This question is about dealing with unmanaged resources (COM interop) and making sure there won't be any resource leaks. I'd appreciate feedback on whether I seem to do things the right way.
Background:
Let's say I've got two classes:
A class LimitedComResource which is a wrapper around a COM object (received via some API). There can only be a limited number of those COM objects, therefore my class implements the IDisposable interface which will be responsible for releasing a COM object when it's no longer needed.
Objects of another type ManagedObject are temporarily created to perform some work on a LimitedComResource. They are not IDisposable.
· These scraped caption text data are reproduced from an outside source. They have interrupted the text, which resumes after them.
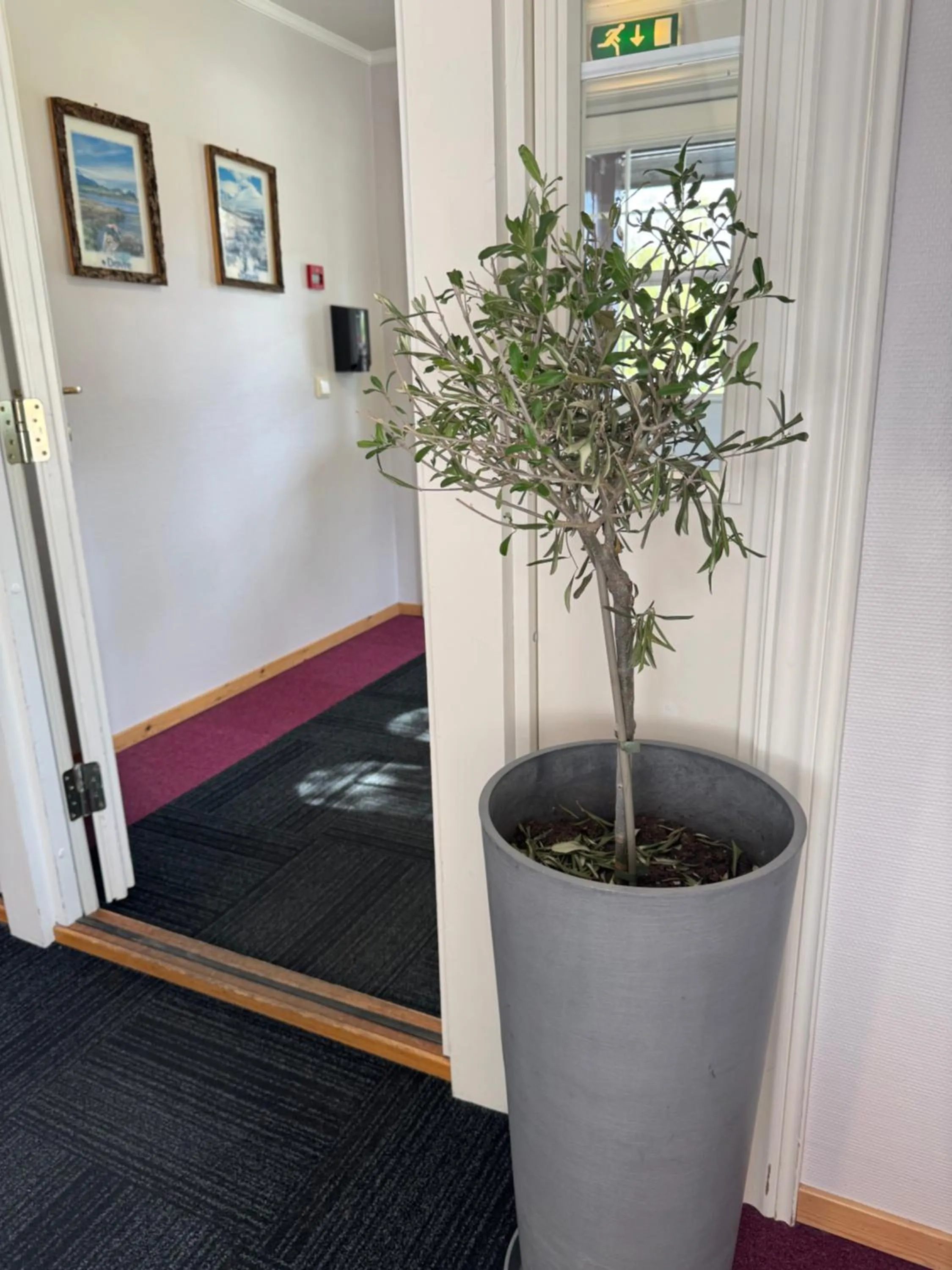 Toftemo Turiststasjon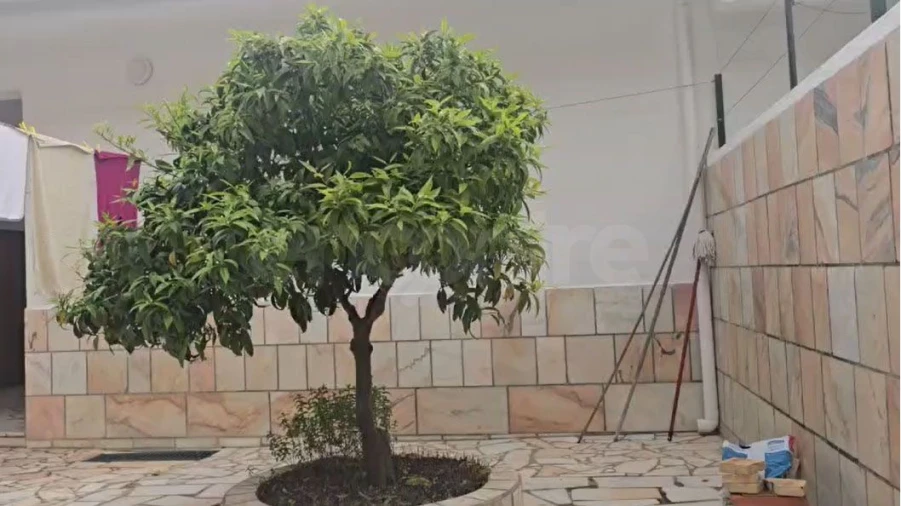 Moradia T4 para Arrendamento em Assunção, Ajuda, Salvador e Santo Ildefonso Foto 14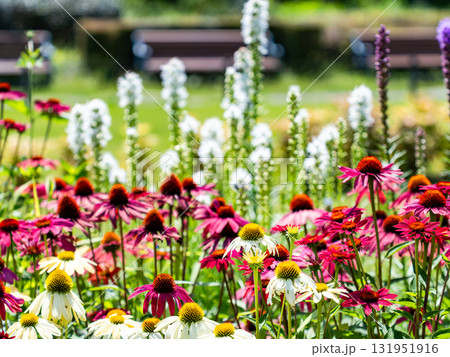 夏の花壇のカラフルな景色 夏の花壇のカラフルな景色 131951916
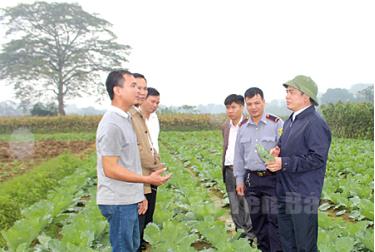 Lãnh đạo ngành Nông nghiệp và Phát triển nông thôn thực tế mô hình sản xuất rau an toàn tại xã Âu Lâu, thành phố Yên Bái. (Ảnh: Minh Huyền)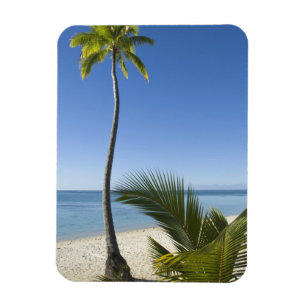 Strand auf dem Festland von Aitutaki, Cookinseln Magnet
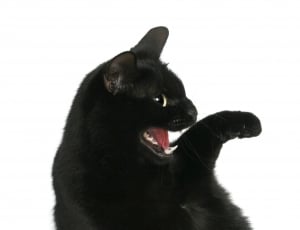 black short fut cat with white background thumbnail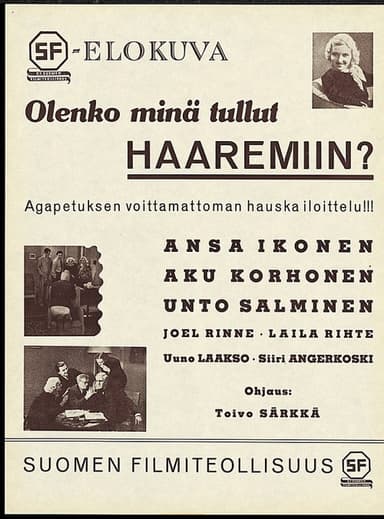 Olenko minä tullut haaremiin poster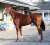 \u2461枠\u2462番 #ボルドグフーシュ  #有馬記念 #フォトパドック #東スポ競馬 #競馬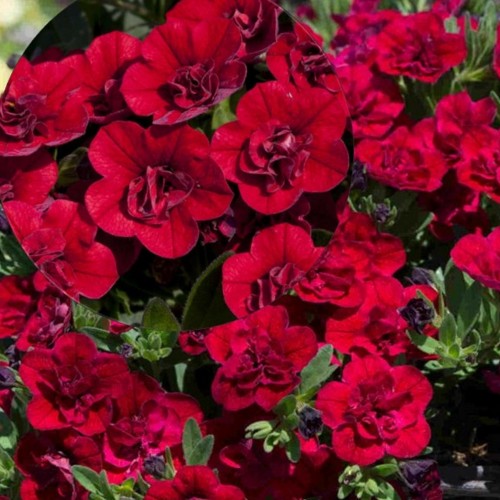Calibrachoa UNIQUE 'Double Velvet Red' - Puispetuunia UNIQUE 'Double Velvet Red' P9/0,55L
To summarize the above in a diagram, my classes might look like this:
+---------------+ +--------------------+
| ManagedObject | <>------> | LimitedComResource |
+---------------+ +--------------------+
|
o IDisposable
(I'll provide example code for these two classes in just a moment.)
Question:
Since my temporary ManagedObject objects are not disposable, I obviously have no control over how long they'll be around. However, in the meantime I might have Disposed the LimitedComObject that a ManagedObject is referring to. How can I make sure that a ManagedObject won't access a LimitedComResource that's no longer there?
+---------------+ +--------------------+
| managedObject | <>------> | (dead object) |
+---------------+ +--------------------+
I've currently implemented this with a mix of weak references and a flag in LimitedResource which signals whether an object has already been disposed. Is there any better way?
Example code (what I've currently got):
LimitedComResource:
class LimitedComResource : IDisposable
{
private readonly IUnknown comObject; // <-- set in constructor
...
void Dispose(bool notFromFinalizer)
{
if (!this.isDisposed)
{
Marshal.FinalReleaseComObject(comObject);
}
this.isDisposed = true;
}
internal bool isDisposed = false;
}
ManagedObject:
class ManagedObject
{
private readonly WeakReference limitedComResource; // <-- set in constructor
...
public void DoSomeWork()
{
if (!limitedComResource.IsAlive())
{
throw new ObjectDisposedException();
// ^^^^^^^^^^^^^^^^^^^^^^^
// is there a more suitable exception class?
}
var ur = (LimitedComResource)limitedComResource.Target;
if (ur.isDisposed)
{
throw new ObjectDisposedException();
}
... // <-- do something sensible here!